O destino final, Vila Boa, onde se encontra a Igreja São Francisco de Paula, cujo forro sem pintura da capela-mor e um altar-mor a ser reformado levam à contratação de André por irmandade local. A ficção une-se à verdade e as iniciais de André Antônio da Conceição conduzem ao motivo maior do enredo. Sob outra égide, o herói da ficção dialoga com o mentor da Irmandade, maçom, sobre o desejo deste de ver pintado o símbolo maçônico, sendo que André teria entendido tratar-se da Santíssima Trindade. Um pequeno trecho da pintura do forro, não finalizada, possibilita ao ficcionista Heitor Rosa o desfecho derradeiro do instigante livro, que desperta interesse da primeira à última página.
Ao resenhar “Memórias de um Cirurgião-Barbeiro” e peripécias em “Histórias da Creusa” (vide blog 26/10/2016), salientava os dons excepcionais do ficcionista estudioso e do contista hilariante.
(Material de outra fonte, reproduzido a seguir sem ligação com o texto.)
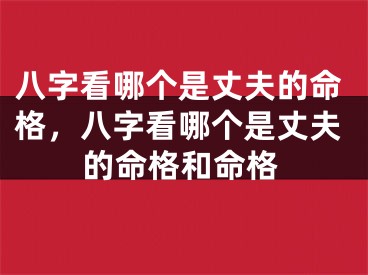 八字看哪个是丈夫的命格，八字看哪个是丈夫的命格和命格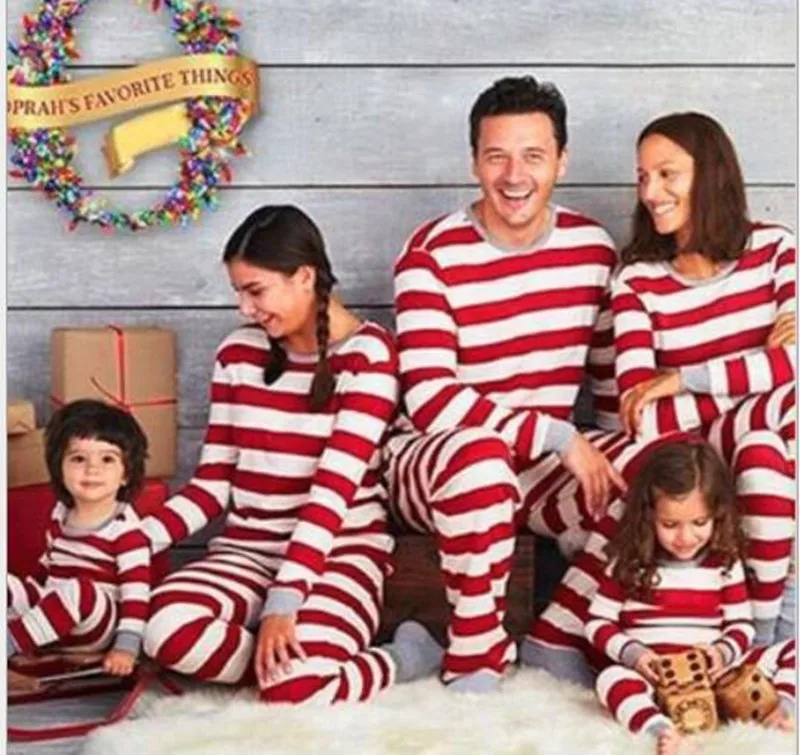 2022 spring and autumn parent-child wear striped Christmas family suit autumn long-sleeved home service suit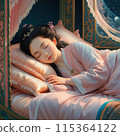 Beautiful sleeping woman in pink pajamas 115364122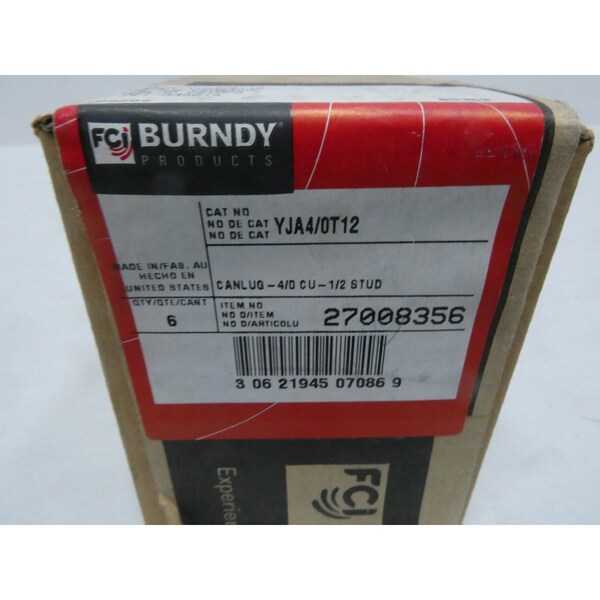 Terminales de anillo de 1/2 pulgadas, paquete de 6 - YJA4/0T12 de Burndy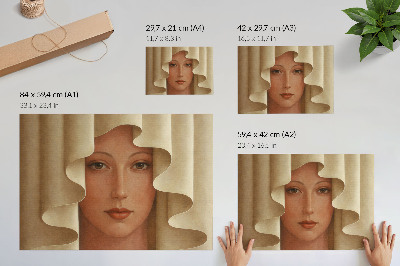Moderne decoratieve poster Een vrouw met een golvende sluier.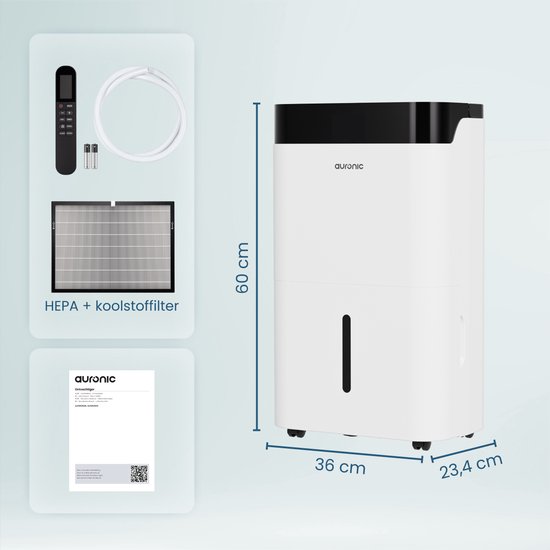 Déshumidificateur Auronic - Better Plus Series - 20L - Chambre à coucher, salle de bain, salon et bureau - Déshumidificateur d'intérieur - Blanc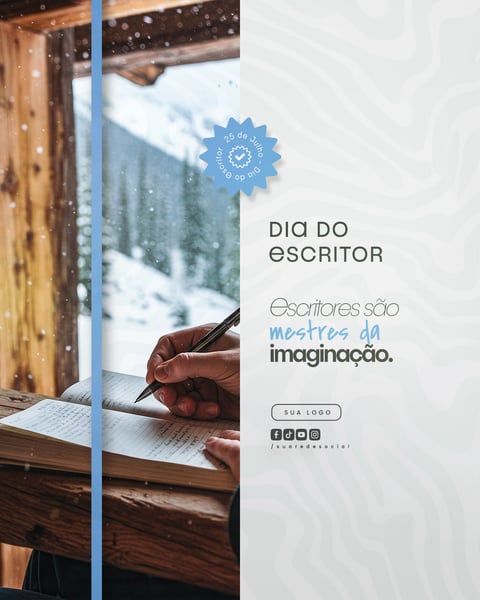 25 DE JULHO - DIA DO ESCRITOR - FLYER SOCIAL MEDIA PSD EDITÁVEL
A mídia de São Paulo, que tanto tem saudado e premiado ficcionistas medianos, lembrar-se-ia de um autor do porte de Heitor Rosa? Ares da Província ainda permanecem no ar.
Today’s post is an appreciation of the book “A História de André da Conceição”, written by the Brazilian doctor and university teacher Heitor Rosa. It is about André da Conceição, who painted the chancel ceiling of Saint Francis of Paula church in Goiás in the years 1869-70 and whose life story is completely unknown. Fascinated by the paintings, after years of serious research Heitor Rosa was able to weave factual details and fictional characters into an interesting account of what the painter’s life might have been like. An absorbing, seductive read by an author that deserved to gain traction in the mainstream of our literary world.